During cloud-init of a successfully configured node–with a bone-stock image and without any curtin customizations–cloud-init attempts to retrieve metadata from MaaS BEFORE initializing the network.
2024-10-02 02:18:39,147 - __init__.py[DEBUG]: Detected platform: DataSourceMAAS [None]. Checking for active instance data
2024-10-02 02:18:39,151 - url_helper.py[DEBUG]: [0/1] open 'http://10.10.10.10:5248/MAAS/metadata/2012-03-01/meta-data/instance-id' with {'url': 'http://10.10.10.10:5248/MAAS/metadata/2012-03-01/meta-data/instance-id', 'stream': False, 'allow_redirects': True, 'method': 'GET', 'timeout': 50.0, 'headers': {'User-Agent': 'Cloud-Init/23.4-7.el9_4.6.alma.1', 'Authorization': 'OAuth oauth_nonce="****", oauth_timestamp="1727835519", oauth_version="1.0", oauth_signature_method="PLAINTEXT", oauth_consumer_key="****", oauth_token="****", oauth_signature="****"'}} configuration
2024-10-02 02:18:39,154 - url_helper.py[DEBUG]: Calling 'None' failed [0/120s]: request error [HTTPConnectionPool(host='10.10.10.10', port=5248): Max retries exceeded with url: /MAAS/metadata/2012-03-01/meta-data/instance-id (Caused by NewConnectionError('<urllib3.connection.HTTPConnection object at 0x7f6e41abcd30>: Failed to establish a new connection: [Errno 101] Network is unreachable'))]
It also fails to post status messages. In fact, the cloud-init log has dozens and dozens of reports of network failure. After about 10 pages of this, we get down to:
2024-10-02 02:20:45,347 - util.py[DEBUG]: Reading from /sys/class/net/enp129s0f0/address (quiet=False)
2024-10-02 02:20:45,347 - util.py[DEBUG]: Read 18 bytes from /sys/class/net/enp129s0f0/address
...snip repeat for each interface...
2024-10-02 02:20:45,347 - util.py[DEBUG]: Reading from /sys/class/net/lo/address (quiet=False)
2024-10-02 02:20:45,347 - util.py[DEBUG]: Read 18 bytes from /sys/class/net/lo/address
2024-10-02 02:20:45,348 - util.py[DEBUG]: Reading from /sys/class/net/enp129s0f0/address (quiet=False)

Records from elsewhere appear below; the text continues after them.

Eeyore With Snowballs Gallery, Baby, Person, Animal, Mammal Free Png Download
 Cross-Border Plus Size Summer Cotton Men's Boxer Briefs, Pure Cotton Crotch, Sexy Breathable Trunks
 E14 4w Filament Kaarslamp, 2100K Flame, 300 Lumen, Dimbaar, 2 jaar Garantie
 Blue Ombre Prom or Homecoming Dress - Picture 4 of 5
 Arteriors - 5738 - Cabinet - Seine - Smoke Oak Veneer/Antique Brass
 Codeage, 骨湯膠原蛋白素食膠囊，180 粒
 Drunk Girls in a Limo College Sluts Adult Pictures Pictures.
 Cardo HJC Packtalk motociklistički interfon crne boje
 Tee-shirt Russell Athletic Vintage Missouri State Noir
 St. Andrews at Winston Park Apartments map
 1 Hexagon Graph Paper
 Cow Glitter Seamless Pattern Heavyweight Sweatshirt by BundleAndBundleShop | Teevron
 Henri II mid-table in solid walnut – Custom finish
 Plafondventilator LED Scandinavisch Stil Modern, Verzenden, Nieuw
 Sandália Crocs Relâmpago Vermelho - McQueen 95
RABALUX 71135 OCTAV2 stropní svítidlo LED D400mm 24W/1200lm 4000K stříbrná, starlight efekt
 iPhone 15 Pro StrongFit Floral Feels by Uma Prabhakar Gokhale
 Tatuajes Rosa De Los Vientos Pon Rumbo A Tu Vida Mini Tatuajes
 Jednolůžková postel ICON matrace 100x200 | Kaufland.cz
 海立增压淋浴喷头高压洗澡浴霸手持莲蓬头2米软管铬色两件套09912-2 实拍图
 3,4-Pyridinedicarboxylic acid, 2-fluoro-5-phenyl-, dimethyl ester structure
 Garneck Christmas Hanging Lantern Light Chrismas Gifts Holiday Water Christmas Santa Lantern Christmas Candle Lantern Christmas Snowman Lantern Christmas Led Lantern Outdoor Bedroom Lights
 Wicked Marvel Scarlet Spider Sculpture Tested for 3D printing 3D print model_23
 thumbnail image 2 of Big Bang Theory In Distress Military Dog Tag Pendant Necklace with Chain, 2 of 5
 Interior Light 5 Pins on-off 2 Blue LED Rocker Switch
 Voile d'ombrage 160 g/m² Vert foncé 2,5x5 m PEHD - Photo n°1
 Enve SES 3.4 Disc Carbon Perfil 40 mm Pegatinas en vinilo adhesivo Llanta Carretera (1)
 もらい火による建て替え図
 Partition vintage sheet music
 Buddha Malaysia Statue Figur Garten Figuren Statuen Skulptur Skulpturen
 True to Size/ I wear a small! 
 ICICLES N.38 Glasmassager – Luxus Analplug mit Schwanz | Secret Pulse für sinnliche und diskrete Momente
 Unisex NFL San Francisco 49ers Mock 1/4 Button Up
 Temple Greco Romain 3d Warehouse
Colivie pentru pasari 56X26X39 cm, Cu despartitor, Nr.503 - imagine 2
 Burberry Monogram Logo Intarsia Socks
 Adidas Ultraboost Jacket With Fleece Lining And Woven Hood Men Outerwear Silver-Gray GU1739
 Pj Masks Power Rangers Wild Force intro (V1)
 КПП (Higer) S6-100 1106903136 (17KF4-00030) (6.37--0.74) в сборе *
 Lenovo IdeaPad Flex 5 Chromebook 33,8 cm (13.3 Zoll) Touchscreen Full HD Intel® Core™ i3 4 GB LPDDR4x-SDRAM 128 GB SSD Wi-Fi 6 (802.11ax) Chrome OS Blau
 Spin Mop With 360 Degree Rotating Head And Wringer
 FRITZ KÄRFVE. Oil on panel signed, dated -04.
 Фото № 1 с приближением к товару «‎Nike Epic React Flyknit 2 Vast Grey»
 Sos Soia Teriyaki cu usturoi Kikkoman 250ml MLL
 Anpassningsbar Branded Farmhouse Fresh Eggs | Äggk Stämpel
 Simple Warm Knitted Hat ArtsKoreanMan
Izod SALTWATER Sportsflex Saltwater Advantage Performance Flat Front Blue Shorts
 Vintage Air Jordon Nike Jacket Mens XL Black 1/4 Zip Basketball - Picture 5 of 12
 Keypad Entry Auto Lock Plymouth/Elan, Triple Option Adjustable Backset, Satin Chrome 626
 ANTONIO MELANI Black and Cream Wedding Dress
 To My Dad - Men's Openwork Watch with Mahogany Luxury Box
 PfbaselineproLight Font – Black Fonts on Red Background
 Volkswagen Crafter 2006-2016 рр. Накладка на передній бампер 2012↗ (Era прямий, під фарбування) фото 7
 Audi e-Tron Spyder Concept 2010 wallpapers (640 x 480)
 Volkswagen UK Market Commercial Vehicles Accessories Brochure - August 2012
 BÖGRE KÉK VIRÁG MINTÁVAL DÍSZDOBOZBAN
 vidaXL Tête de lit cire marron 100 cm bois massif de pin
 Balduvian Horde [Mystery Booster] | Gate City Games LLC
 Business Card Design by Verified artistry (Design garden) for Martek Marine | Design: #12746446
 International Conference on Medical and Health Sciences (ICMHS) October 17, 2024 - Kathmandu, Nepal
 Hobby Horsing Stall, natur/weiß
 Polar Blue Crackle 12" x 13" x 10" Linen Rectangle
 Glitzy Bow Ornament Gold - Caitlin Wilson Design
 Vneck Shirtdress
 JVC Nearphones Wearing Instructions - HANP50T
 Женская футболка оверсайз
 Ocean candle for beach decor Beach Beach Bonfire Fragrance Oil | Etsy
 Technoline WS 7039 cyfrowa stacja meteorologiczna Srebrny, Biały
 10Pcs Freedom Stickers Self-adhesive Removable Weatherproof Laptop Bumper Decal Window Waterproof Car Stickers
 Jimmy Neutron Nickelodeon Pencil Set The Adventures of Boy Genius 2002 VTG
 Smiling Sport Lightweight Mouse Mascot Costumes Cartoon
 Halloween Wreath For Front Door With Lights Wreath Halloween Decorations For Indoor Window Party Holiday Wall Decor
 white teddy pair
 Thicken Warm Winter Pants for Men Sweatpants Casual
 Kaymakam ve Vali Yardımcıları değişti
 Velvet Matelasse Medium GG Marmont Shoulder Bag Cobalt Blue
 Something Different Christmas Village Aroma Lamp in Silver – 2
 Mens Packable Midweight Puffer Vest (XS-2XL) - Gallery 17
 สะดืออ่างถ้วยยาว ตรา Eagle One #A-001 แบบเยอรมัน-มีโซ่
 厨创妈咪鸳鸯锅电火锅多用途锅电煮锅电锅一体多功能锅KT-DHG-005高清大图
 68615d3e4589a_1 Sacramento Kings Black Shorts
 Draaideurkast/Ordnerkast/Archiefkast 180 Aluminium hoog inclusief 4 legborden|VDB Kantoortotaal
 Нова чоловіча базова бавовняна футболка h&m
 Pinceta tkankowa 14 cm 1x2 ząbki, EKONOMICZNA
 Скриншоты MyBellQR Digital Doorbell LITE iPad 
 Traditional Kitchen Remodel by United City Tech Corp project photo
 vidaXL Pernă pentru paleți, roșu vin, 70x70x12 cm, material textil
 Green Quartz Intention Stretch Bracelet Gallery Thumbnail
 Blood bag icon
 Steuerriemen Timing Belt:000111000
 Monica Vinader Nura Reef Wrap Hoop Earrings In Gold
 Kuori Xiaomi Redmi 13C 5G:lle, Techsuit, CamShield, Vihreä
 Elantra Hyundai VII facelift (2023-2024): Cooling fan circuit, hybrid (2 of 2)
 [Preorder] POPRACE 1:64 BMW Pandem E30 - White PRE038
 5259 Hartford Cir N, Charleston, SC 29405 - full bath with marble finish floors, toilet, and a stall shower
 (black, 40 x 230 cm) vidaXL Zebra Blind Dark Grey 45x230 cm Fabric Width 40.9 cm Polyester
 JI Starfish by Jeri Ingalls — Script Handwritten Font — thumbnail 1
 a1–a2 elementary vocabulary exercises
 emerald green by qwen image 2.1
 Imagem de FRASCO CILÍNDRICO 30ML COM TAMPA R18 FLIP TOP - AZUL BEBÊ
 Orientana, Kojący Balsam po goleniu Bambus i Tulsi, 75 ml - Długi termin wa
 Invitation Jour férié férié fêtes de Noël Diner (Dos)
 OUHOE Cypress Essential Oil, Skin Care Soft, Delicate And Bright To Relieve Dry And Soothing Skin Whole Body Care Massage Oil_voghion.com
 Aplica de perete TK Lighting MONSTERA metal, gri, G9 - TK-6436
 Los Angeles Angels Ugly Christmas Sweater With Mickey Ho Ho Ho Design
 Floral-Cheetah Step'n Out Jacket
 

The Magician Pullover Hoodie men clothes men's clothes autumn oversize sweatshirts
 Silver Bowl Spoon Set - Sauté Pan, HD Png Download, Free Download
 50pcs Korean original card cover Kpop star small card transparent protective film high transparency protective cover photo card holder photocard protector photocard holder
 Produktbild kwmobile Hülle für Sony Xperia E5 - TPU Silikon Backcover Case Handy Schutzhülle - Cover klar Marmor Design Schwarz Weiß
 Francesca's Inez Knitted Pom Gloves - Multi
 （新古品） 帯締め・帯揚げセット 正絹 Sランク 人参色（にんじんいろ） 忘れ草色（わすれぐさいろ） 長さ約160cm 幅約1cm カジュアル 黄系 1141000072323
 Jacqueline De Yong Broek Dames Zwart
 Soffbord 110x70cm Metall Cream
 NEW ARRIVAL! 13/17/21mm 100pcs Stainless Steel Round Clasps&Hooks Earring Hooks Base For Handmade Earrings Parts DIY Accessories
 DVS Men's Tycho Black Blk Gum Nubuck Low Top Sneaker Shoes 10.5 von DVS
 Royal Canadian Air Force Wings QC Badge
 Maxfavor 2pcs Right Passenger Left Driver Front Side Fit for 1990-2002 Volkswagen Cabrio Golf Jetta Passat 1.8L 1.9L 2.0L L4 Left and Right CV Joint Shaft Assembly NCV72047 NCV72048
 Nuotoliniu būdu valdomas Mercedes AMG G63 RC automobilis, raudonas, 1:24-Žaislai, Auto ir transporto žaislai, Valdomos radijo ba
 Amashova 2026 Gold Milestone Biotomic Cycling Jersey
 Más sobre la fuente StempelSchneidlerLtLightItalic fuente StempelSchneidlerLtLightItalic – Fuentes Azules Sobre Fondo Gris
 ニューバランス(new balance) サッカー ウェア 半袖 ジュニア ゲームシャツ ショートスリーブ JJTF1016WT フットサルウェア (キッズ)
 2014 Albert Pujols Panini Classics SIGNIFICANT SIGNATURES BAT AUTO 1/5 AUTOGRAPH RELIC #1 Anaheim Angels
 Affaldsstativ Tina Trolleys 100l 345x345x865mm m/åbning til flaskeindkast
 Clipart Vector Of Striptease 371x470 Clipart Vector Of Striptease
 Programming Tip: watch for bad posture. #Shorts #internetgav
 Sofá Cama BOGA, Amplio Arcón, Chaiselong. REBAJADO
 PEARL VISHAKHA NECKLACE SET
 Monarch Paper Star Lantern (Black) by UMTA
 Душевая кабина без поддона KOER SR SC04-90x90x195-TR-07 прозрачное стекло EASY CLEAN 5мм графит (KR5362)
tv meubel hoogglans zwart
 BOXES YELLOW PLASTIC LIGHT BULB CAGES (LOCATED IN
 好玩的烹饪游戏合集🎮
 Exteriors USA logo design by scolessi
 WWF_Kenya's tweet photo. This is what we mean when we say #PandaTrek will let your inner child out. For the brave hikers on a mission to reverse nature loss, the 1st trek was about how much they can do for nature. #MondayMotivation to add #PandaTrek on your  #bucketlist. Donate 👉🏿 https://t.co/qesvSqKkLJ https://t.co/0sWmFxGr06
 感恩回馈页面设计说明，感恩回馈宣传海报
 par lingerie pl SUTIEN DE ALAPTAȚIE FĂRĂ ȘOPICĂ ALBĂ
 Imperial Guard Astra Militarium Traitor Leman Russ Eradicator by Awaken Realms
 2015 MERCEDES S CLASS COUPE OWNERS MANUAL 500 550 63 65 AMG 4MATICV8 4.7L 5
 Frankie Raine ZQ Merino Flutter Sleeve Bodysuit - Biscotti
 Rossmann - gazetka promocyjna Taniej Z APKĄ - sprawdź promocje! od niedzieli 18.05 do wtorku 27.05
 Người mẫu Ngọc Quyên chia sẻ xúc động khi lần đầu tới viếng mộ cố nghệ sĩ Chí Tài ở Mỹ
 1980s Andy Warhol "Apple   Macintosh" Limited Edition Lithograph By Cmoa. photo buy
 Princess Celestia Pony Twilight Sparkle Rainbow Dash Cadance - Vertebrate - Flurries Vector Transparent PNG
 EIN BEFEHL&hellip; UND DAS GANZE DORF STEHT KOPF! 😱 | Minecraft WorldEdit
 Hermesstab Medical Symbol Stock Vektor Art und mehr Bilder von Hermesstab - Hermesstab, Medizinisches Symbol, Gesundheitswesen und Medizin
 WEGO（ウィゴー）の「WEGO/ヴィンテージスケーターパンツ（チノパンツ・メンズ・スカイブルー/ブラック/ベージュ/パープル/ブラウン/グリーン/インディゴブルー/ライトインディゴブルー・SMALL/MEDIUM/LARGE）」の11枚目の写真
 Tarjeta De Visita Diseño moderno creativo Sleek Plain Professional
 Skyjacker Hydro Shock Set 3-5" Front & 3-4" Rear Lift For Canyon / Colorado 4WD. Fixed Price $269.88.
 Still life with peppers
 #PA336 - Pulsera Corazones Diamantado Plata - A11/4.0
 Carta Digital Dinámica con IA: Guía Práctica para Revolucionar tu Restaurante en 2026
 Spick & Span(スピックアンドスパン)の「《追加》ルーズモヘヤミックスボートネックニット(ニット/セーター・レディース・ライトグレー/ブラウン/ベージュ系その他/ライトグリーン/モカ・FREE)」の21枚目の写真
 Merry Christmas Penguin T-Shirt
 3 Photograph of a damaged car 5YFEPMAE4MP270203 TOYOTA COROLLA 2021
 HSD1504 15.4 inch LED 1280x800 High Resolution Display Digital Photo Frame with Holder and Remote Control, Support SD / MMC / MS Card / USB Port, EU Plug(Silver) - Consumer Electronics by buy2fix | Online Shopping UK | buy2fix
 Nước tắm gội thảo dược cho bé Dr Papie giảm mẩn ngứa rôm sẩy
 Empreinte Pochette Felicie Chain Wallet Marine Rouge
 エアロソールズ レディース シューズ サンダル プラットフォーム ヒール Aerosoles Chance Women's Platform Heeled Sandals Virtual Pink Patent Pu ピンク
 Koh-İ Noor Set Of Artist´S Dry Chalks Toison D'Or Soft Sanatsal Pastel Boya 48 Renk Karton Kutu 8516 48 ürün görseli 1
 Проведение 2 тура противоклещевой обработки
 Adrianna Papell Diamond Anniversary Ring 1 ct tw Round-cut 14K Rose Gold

2024-10-02 02:20:45,348 - util.py[DEBUG]: Read 18 bytes from /sys/class/net/enp129s0f0/address
...snip repeat for each interface...
2024-10-02 02:20:45,348 - util.py[DEBUG]: Reading from /usr/lib/python3.9/site-packages/cloudinit/config/schemas/schema-network-config-v1.json (quiet=False)
and then we configure the network. This is clearly out of order, no?
Naive ideas about improvements:
- Configure the network before querying the network for metadata
- Queue all status reports until the network is available
I’m guessing this is an ordering problem in the cloud-init configured by MaaS. If I’m misattributing this, or If there’s anything I can do in the configuration to address it, that would be great. If someone wants to toss me at the relevant portions of the code I’m happy to see if I can provide a patch.